**Work instructions**
The line with "The final signal" marks the first line to copy, and the line with "Suppose we could" marks the last. Transcribe that stretch of the data below exactly, without pictures.

***** Supplied records *****

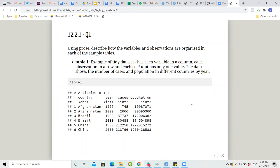Moving to the exercises: describe how the variables and observations are organized in each of the sample tables. Tidyverse has four sample tables: table1, table2, table3, table4a, and table4b. Table1 is an example of a tidy dataset — each variable in a column, each observation in a row, and each cell has only one value. This data shows the number of TB cases and population in different countries by year.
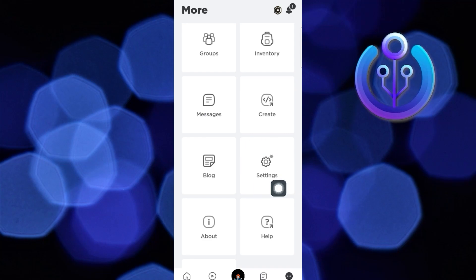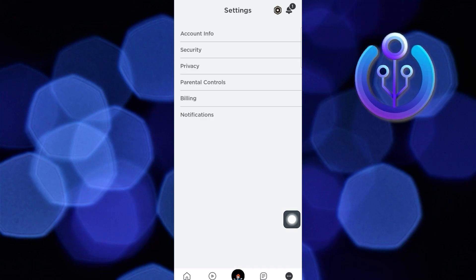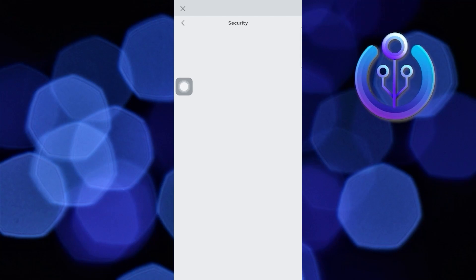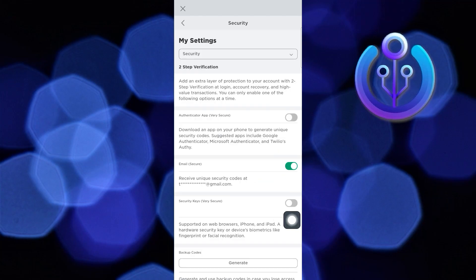Here, tap on Settings. Now tap on Security. Wait for it to load. Now turn the toggle Email Secure off.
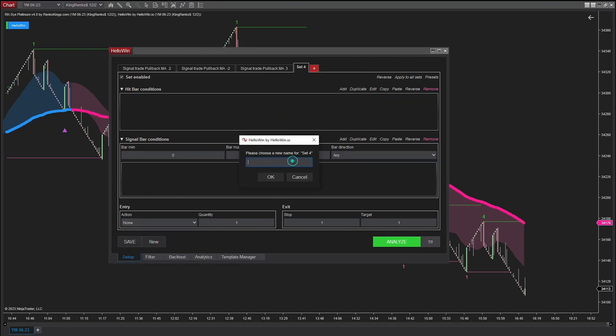The final signal type I will create the trading conditions for is SMA Fast bearish, which is pullback MA-3.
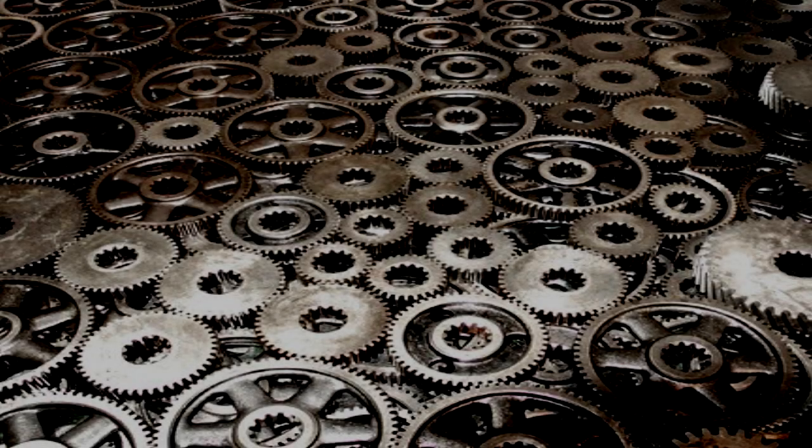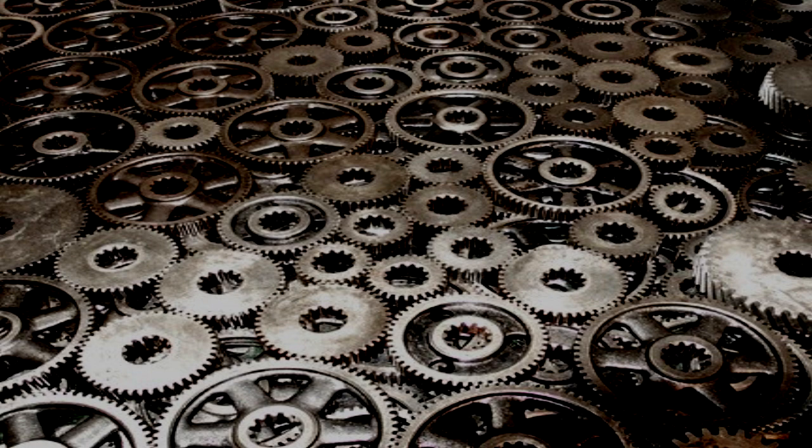The Clockworks. Item Number: SCP-914. Object Class: Safe.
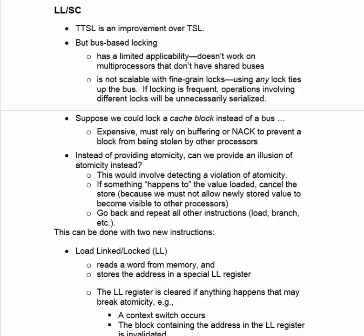Suppose we could lock a cache line instead of a bus. This would solve the problem of serialization, but it's not easy to achieve. Cache blocks are being read and written all the time. If a block is locked, the read or write can't proceed — either we have to make it wait, or make the process retry it later. That's called a negative acknowledgement, or a NACK. A way around the problem is to not really lock a cache block, but make it behave as if it were locked.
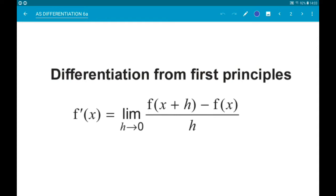Okay, just quickly — for the questions, I've also put the first principles formula in the PDF. You are all given this in your exams, so you don't need to remember it, but we certainly need to know how to use it. So let's do that.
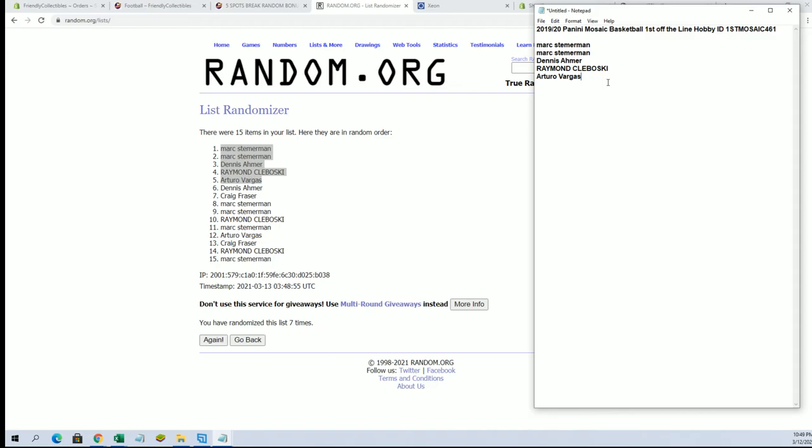All right. So hopefully, like I said, I showed you, we got 12 left and then five in that prison break. So hopefully we'll get that one going. Thanks guys. That's our fill there for mosaic first off the line.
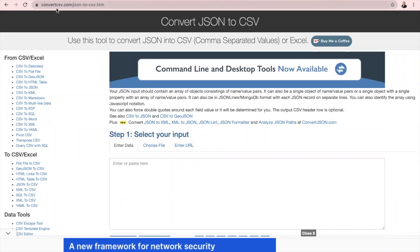It is convertcsv.com/.json-2-csv.htm. Once again, I'll put this link in the comments below.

*****

**Task result**
The final signal type I will create the trading conditions for is SMA Fast bearish, which is pullback MA-3.
The Clockworks. Item Number: SCP-914. Object Class: Safe.
Suppose we could lock a cache line instead of a bus. This would solve the problem of serialization, but it's not easy to achieve. Cache blocks are being read and written all the time. If a block is locked, the read or write can't proceed — either we have to make it wait, or make the process retry it later. That's called a negative acknowledgement, or a NACK. A way around the problem is to not really lock a cache block, but make it behave as if it were locked.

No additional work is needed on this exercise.